┌──

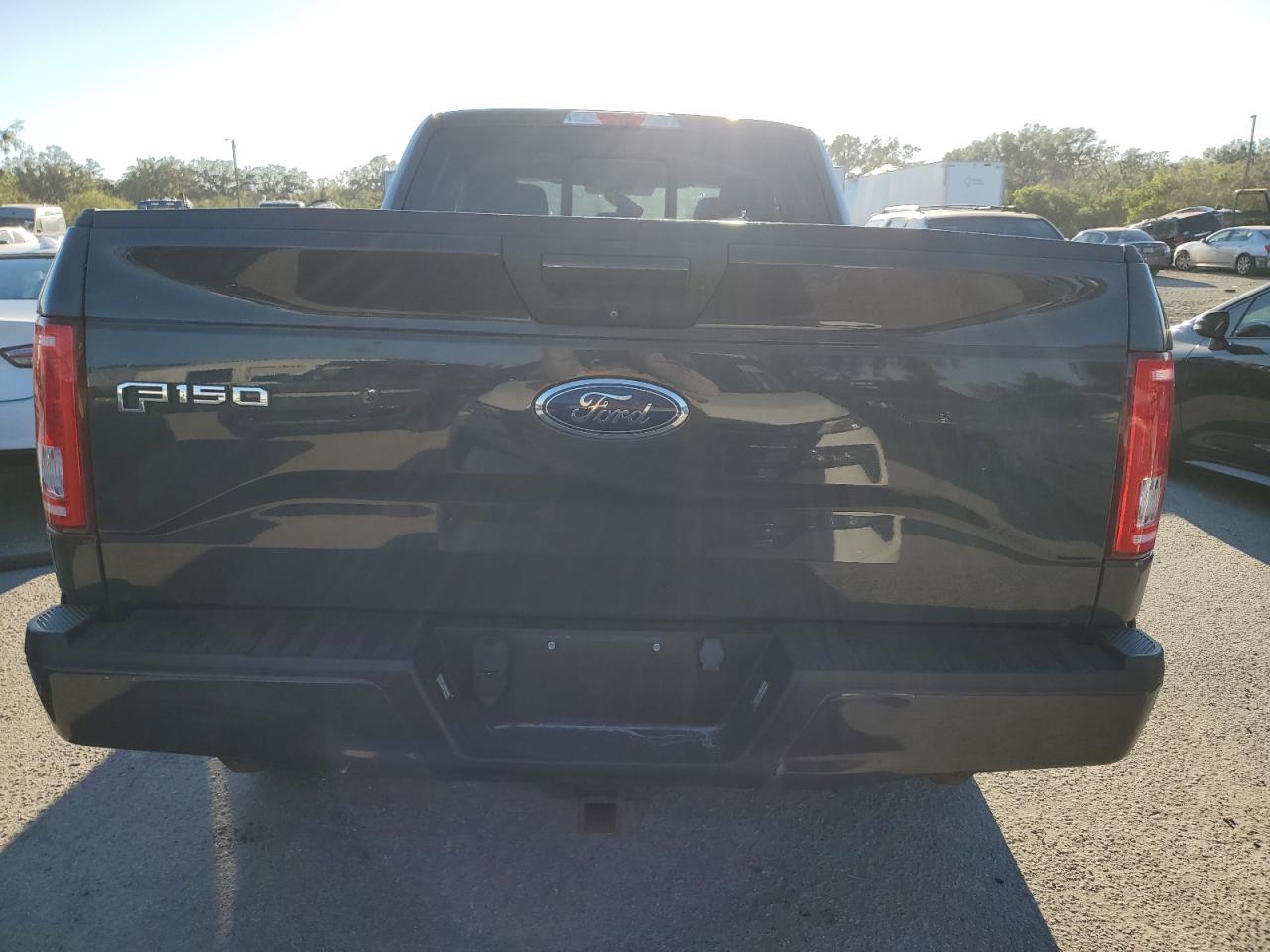 2016 Ford F-150 VIN 1FTEX1EP7GFB33519 Copart auction photo, front end / side damage thumbnail 6
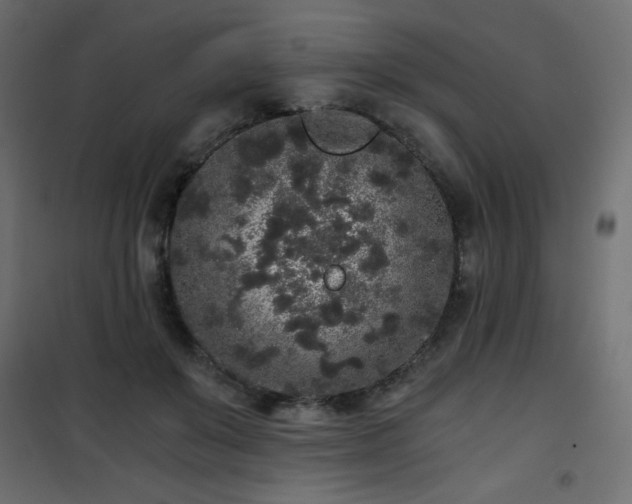 X0000101430503200807141245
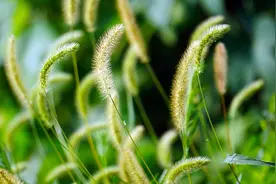 每天认几个繁体字：百家姓之“苏”图片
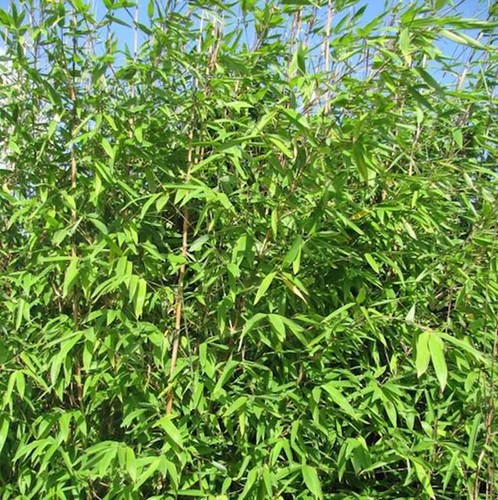 Wickinger gartenbambus - wickinger,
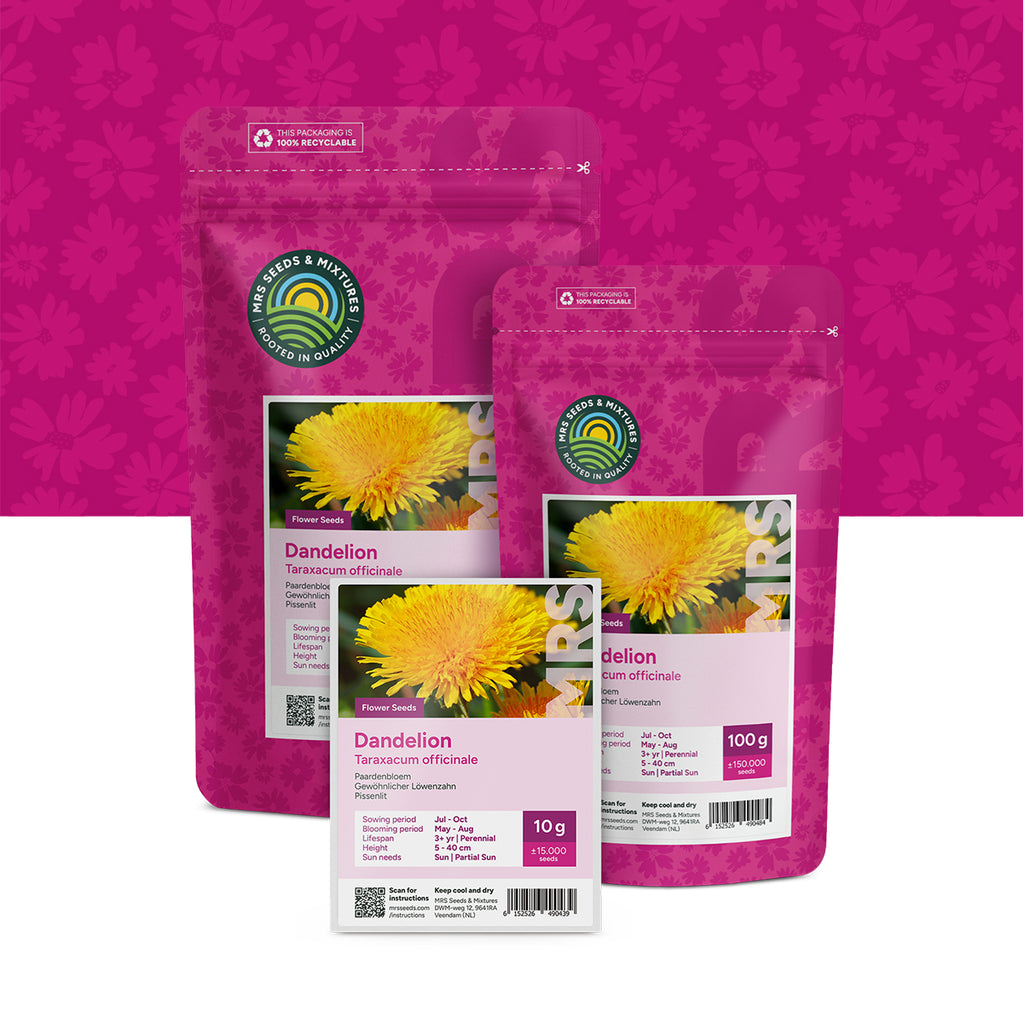 Gewöhnlicher Löwenzahn – Taraxacum officinale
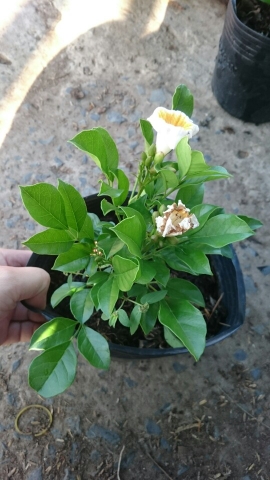 Cây Nguyệt Quế Lá Lớn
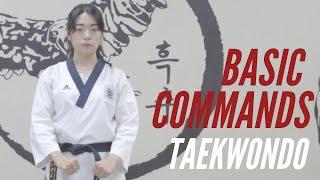 Taekwondo Basic Taekwondo Commands in Korean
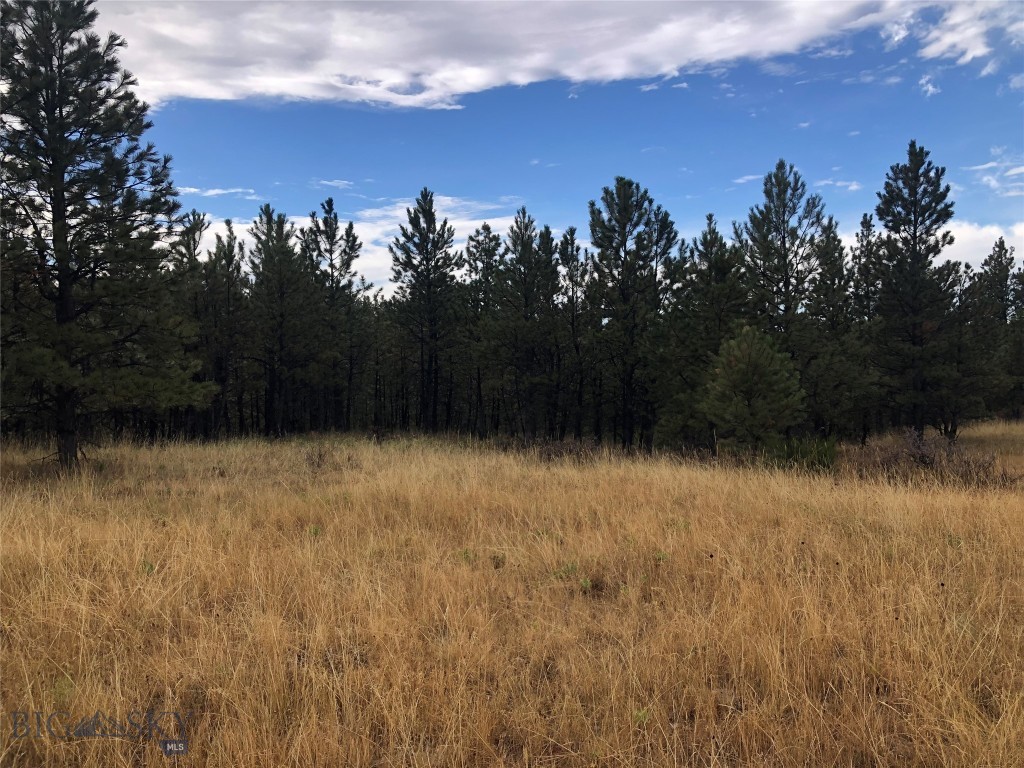 TBD West Parrott Creek, Roundup MT 59072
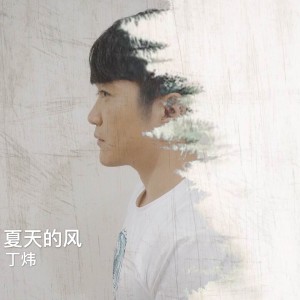 Album 夏天的风 from 丁炜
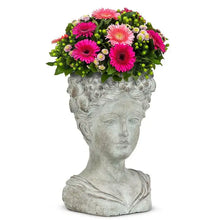 Load image into Gallery viewer, Cement Kore Planter
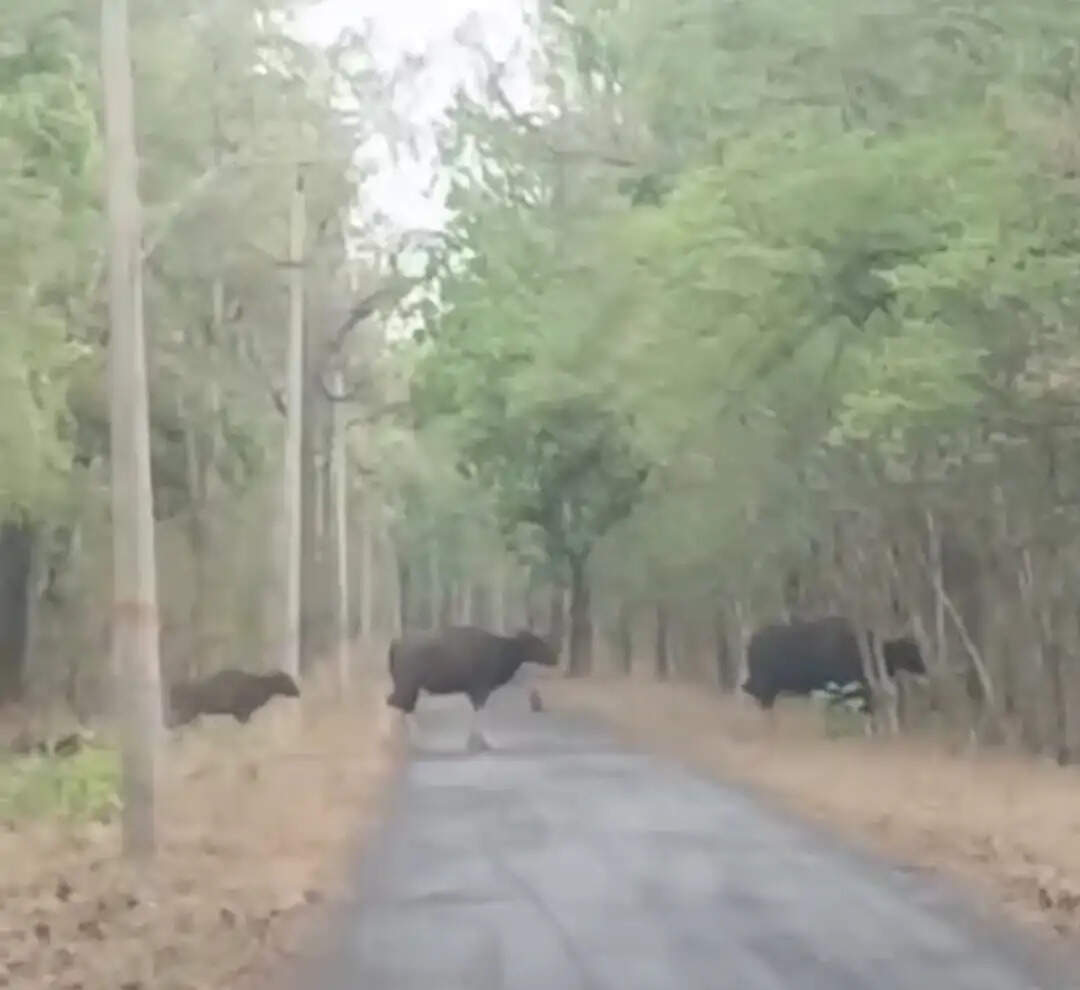 नगरी के जंगलों में हाथी और गौर की दस्तक, लोगों में बढ़ा रोमांच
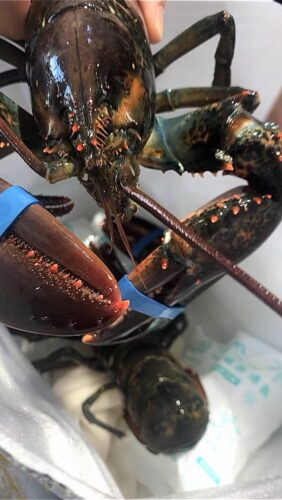 Live Maine Lobster photo review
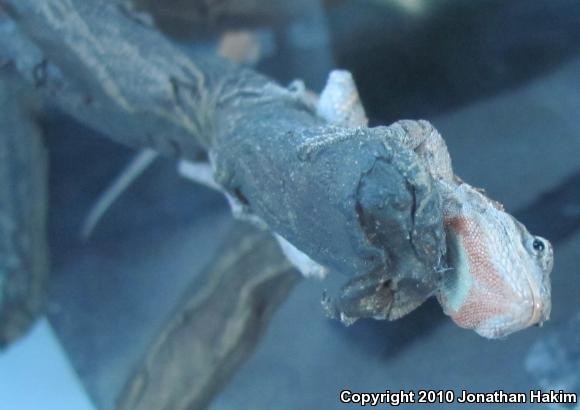 Colorado River Tree Lizard (Urosaurus ornatus symmetricus)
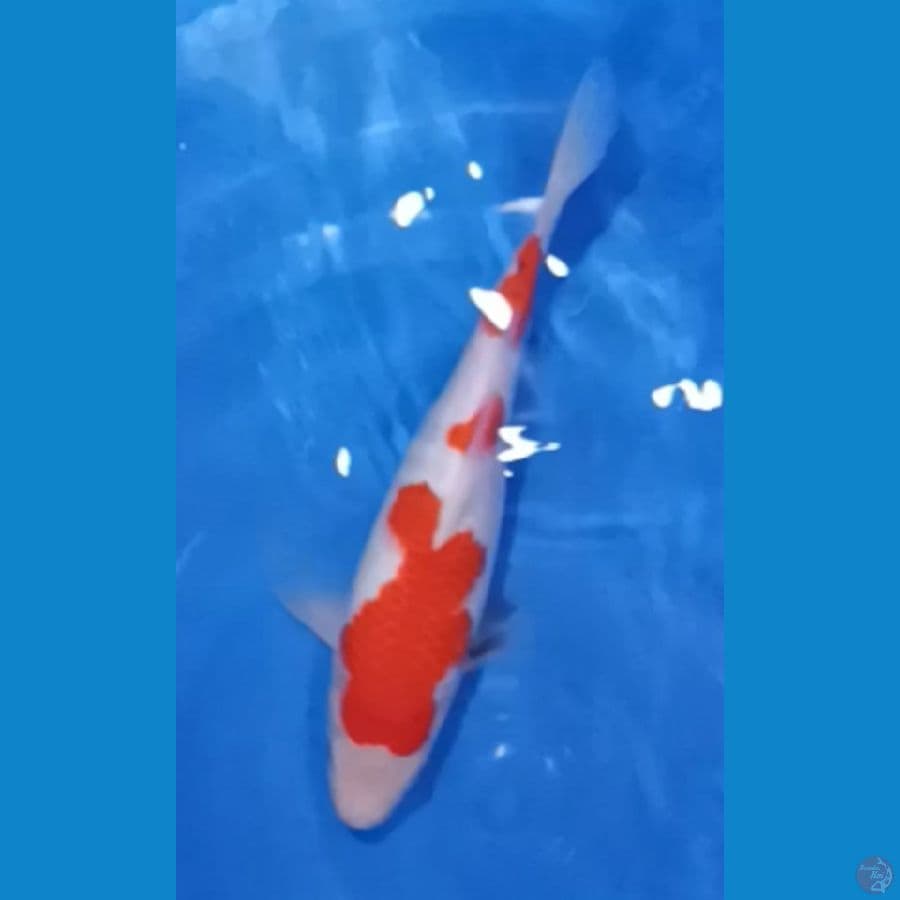 Sanke F1 Momotaro 28cm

└──

■ TASK:
Pictures should not appear in the copy. Write out exactly the lines above from the first one through the line that contains "Live Maine Lobster photo review".

■ WRITTEN ANSWER:
 2016 Ford F-150 VIN 1FTEX1EP7GFB33519 Copart auction photo, front end / side damage thumbnail 6
 X0000101430503200807141245
 每天认几个繁体字：百家姓之“苏”图片
 Wickinger gartenbambus - wickinger,
 Gewöhnlicher Löwenzahn – Taraxacum officinale
 Cây Nguyệt Quế Lá Lớn
 Taekwondo Basic Taekwondo Commands in Korean
 TBD West Parrott Creek, Roundup MT 59072
 Album 夏天的风 from 丁炜
 Load image into Gallery viewer, Cement Kore Planter
 नगरी के जंगलों में हाथी और गौर की दस्तक, लोगों में बढ़ा रोमांच
 Live Maine Lobster photo review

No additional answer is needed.